There are smooth functions
\[ a_{ij }, b_j \in C^{\infty } (M) \]
for $i , j \in \{ 1 , \ldots , n \}$ such that $a_{ij} = a_{ji}$ for all $i,j$, and
\[ L (f) = \sum _{i,j = 1 }^n a_{ij} \frac {\partial ^2 f}{\partial x _i \partial x _j } + \sum _{j = 1 } ^n b_j \frac {\partial f }{\partial x _j} \]
for all $f \in C^{\infty } (M)$.
For each $x \in M$, we can identify $T^{\ast }_xM$ with $T^{\ast }_{y} N $ (thinking of $\varphi $ as a chart).
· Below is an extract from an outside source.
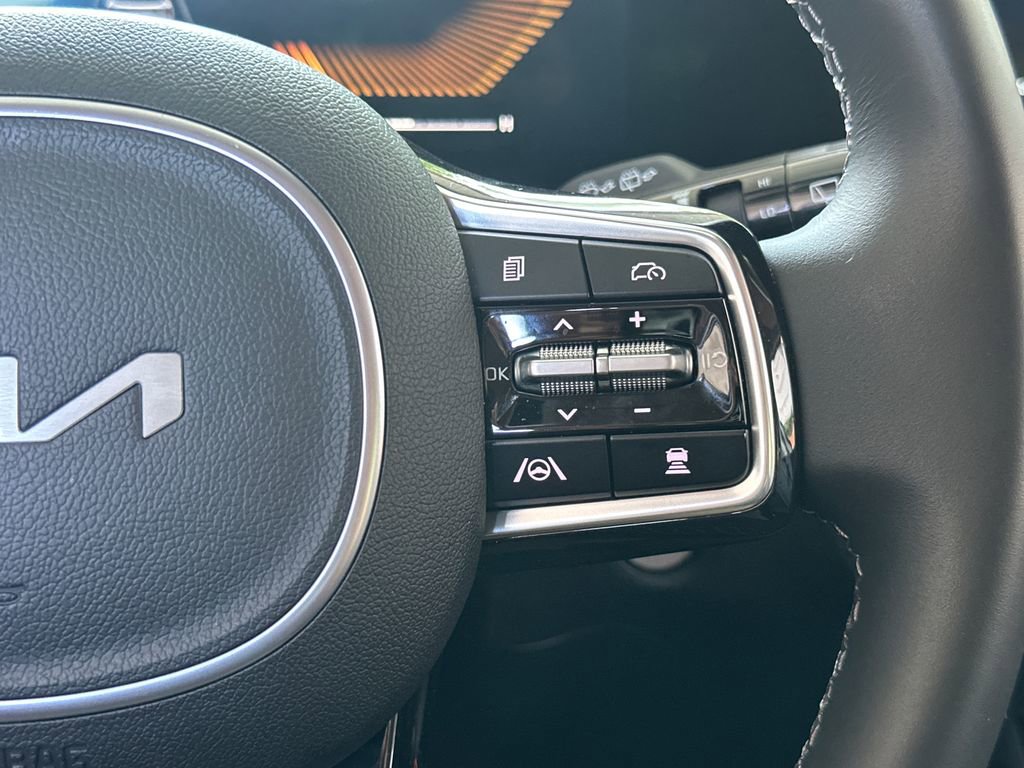 Used 2025 Kia Sorento S image 6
Show that if
\[ \sum _{ i = 1 } ^n \xi _i d x _i \vert _x = \sum _{ j =1} ^n \zeta _j d y_j \vert _y , \]
then
\[ \sum _{i, j = 1 } ^n a_{ij}(x) \xi _i \xi _j = \sum _{j = 1 }^n \zeta _j ^2 . \]
In particular, the matrix $(a_{ij})_{ij}$ is positive definite.

Hint: Recall that by the chain rule,

\[ \frac {\partial }{\partial y _k } = \sum _{i = 1 }^ n \frac {\partial x _i }{ \partial y _k } \frac {\partial }{\partial x_i} . \]

And consequently,

\[ d y_j = \sum _{i = 1 } ^n \frac {\partial y_ j}{\partial x _i} d x_i . \]
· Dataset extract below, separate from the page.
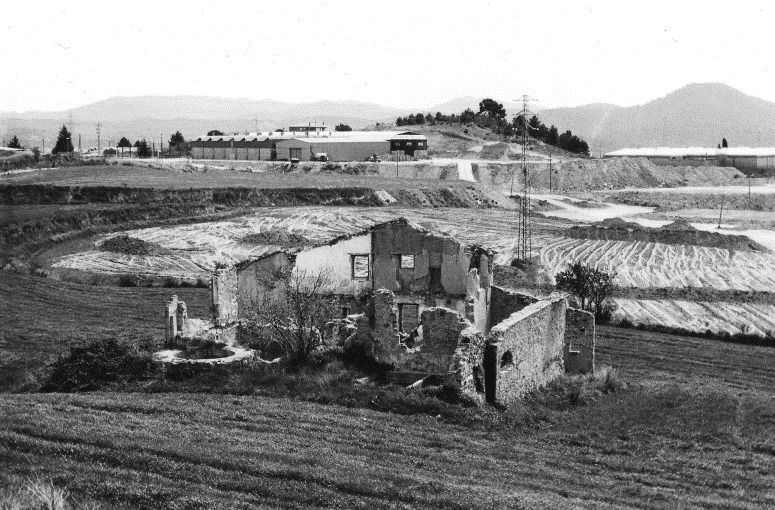 La desapareguda masia de can Casanovas, 1987. FOTO: arxiu personal de Lluís Garcia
Let $\pi _{\ast } : T^{\ast } M \to M$ be the natural projection and $(\pi _{\ast }^{-1 }(U) , \hat { \varphi }) $ a chart of $T^{\ast }M$. That is, we start with $(U, \varphi )$ a chart of $M$, and the chart

\[ \hat { \varphi } : \pi ^{-1}_{\ast } (U) \to \varphi (U) \times \mathbb {R}^n \]

is given by

\[ \hat { \varphi } \left ( \sum _{i = 1 }^n a_i dx^i \vert _x \right ) : = ( x ^ 1 , \ldots , x^n , a_1, \ldots , a_n ), \]

where $\varphi ( x ) = (x_1, \ldots , x_n)$. For two functions $f, g \in C^{\infty }(T^{\ast }M)$, the Poisson bracket

\[ \{ f , g \} \in C^{\infty }(T^{\ast }M ) \]
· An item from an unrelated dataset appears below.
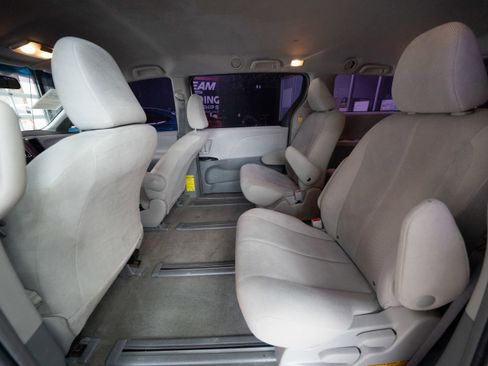 Used 2013 Toyota Sienna L image 23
is defined to be the function given by the formula

\[ \{ f , g \} = \sum _{j = 1 } ^n \left ( \frac {\partial f }{\partial x ^j} \frac {\partial g}{\partial a _j } - \frac {\partial g }{\partial x ^j} \frac {\partial f}{\partial a _j } \right ) . \]

Show that $\{ f, g \} $ does not depend on the chart $(U, \varphi )$, so it is well defined as a function $T^{\ast }M \to \mathbb {R}$. In other words, if $(V, \psi )$ is another chart of $M$ with $\psi (y) = (y_1, \ldots , y_n)$, and $(\pi _{\ast } ^{-1} (V) , \hat {\psi })$ is the corresponding chart with

\[ \hat {\psi } \left ( \sum _{j = 1 }^n b_j dy^j \vert _y \right ) : = ( y ^ 1 , \ldots , y^n , b_1, \ldots , b_n ), \]

then

\[ \sum _{j = 1 } ^n \left ( \frac {\partial f }{\partial x ^j} \frac {\partial g}{\partial a _j } - \frac {\partial g }{\partial x ^j} \frac {\partial f}{\partial a _j } \right ) = \sum _{j = 1 } ^n \left ( \frac {\partial f }{\partial y ^j} \frac {\partial g}{\partial b _j } - \frac {\partial g }{\partial y ^j} \frac {\partial f}{\partial b _j } \right ) \]

on $\pi _{\ast } ^{-1} (U \cap V)$.

Hint: From the chain rule, we have

\[ \frac {\partial }{\partial y ^j} = \sum _{i = 1} ^n \frac {\partial x ^i }{ \partial y ^j} \frac {\partial }{\partial x ^i } , \]

\[ d y_j = \sum _{i = 1 } ^n \frac {\partial y_ j}{\partial x _i} d x_i , \]

and consequently,

\[ a_ i = \sum _{k=1}^n b_k \frac {\partial y ^k}{\partial x ^i }. \]

First show that

\[ \frac {\partial a _i}{\partial b_j} = \frac {\partial y ^ j}{\partial x ^i} , \hspace {2cm} \frac {\partial x^i }{\partial b _j } = 0 , \]

and

\[ \frac {\partial a_i}{\partial y ^j} = \sum _{k,\ell = 1 }^n b_k \frac {\partial x ^{\ell }}{ \partial y ^j} \frac {\partial ^2 y ^k }{ \partial x ^{\ell } \partial x ^{i}} . \]

Then apply the chain rule as if there is no tomorrow.